One of the biggest issues you're going to to deal with if you're going to start
doing predictive analytics is dealing with some of the organizational issues.
These can be politics.
These can be technology.
But ultimately remember what we're doing.
We're taking data, big data if you have it, we're estimating some models.
That requires technology.
And then based on those models, I'm going to start changing my organization.
Guess what, some people are going to win, and some people are going to lose.
You may find out that an intuition or a hypothesis you had is completely wrong.
The person who has basically made their career based on that
intuition is not going to be real happy on this.
So here are some of the issues that you're going to need to think about if you're
going to start doing predictive analytics.
Okay, some of the common reasons why companies have trouble doing this, right.
Insufficient model development, right.
You can't do data mining, which has a lot of benefits, doing data mining,
but ultimately what you want to know is, right, what leads to what?
And what actions can I actually take as a company to do this?
So even if you do the data mining, you need to, again, start doing this peeling
back the onion, which means you need to think about what these linkages are.
From my strategy, what do I think this causal business model is?
How is it that I'm going to implement this?
Well, I think our A is going to lead to B is going to lead to C.
Let's see, but you need to lay that out, right?
The other problem I've seen in a lot of companies is, they will ask me, okay,
what's best practices?
Or, I saw this benchmarking model or this generic measurement framework,
like the balance score card.
So I'm going to use that to pick my performance measures.

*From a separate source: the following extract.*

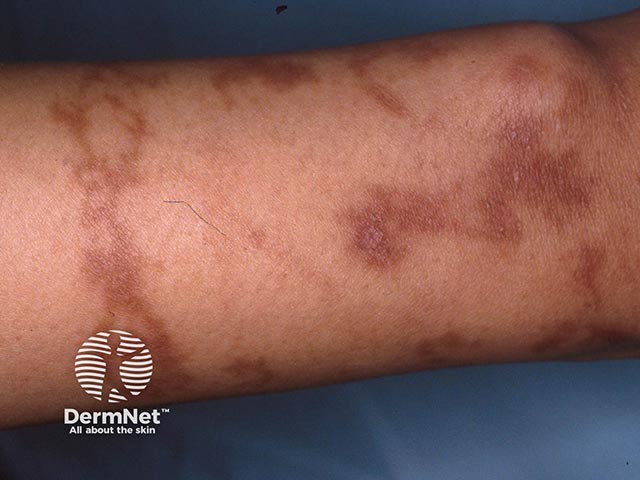 Post-inflammatory pigmentation after reacting to paraphenylenediamine (PPD) in a temporary 'henna' tattoo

Well, there's problems with that.
Again, strategic advantage means you're doing something different than your
competitors.
So the last thing I want to do is benchmark myself and
do exactly what they're doing.
The other problem with generic measurement frameworks, they're generic,
which means it says, okay, everybody should be doing this.
Now what you want to do is tailor both the measures that you track and
the analyses you do to the strategy of your company.
So if I think I'm going to compete on a different dimension I do not want to do
what the other guy did.
So this means there's going to be a lot of up front, starting with your strategy,
to decide, here's the analytic models I want to estimate.
It's not purely statistics.
And based on that, what are the actions that we as a company can take?
Another problem you have is we are taking measures, right.
Measures can be good.
Measures can be really bad.
A couple of reasons why you might have measures that are bad are what are called
psychometric properties.
One, does it really pick up what you claim it's picking up, right?
You're trying to estimate some construct and
I gotta find some way of measuring this kind of intangible thing.
Well, is that measure you have,
is that really picking up that intangible you care about?
And the other thing is, is this influenced by so
many other things that it bounces up and down all of the place?
And I have no idea whether that means you're doing well or not doing well.
Now, this really becomes a problem when you start using surveys for questions.
One of the problems is you may have too few questions, right.
Like, how satisfied are you?
A little, a lot? And that's the only question I ask you?
That doesn't help me much afterwards because even if I find a relationship,
I don't know which dimensions of satisfaction you answered about, and
I don't know what to do as a manager.
Another one with scales is you have too few scale points, right,
you're using one to three.
I'm not satisfied, I'm very satisfied, or I'm in the middle.
That doesn't really tell you a lot.
Or you use what's called the top-box measure.
Say you're satisfaction scale goes from one to five.
What percentage of the people are at five?
That may be fine, as we saw in some of the examples.
In other examples it might not be fine.
You need to do the analysis of whether moving everybody to the top of the box
even makes any sense.
But again, what you would like to have
are measures that have what's called good signal to noise ratio.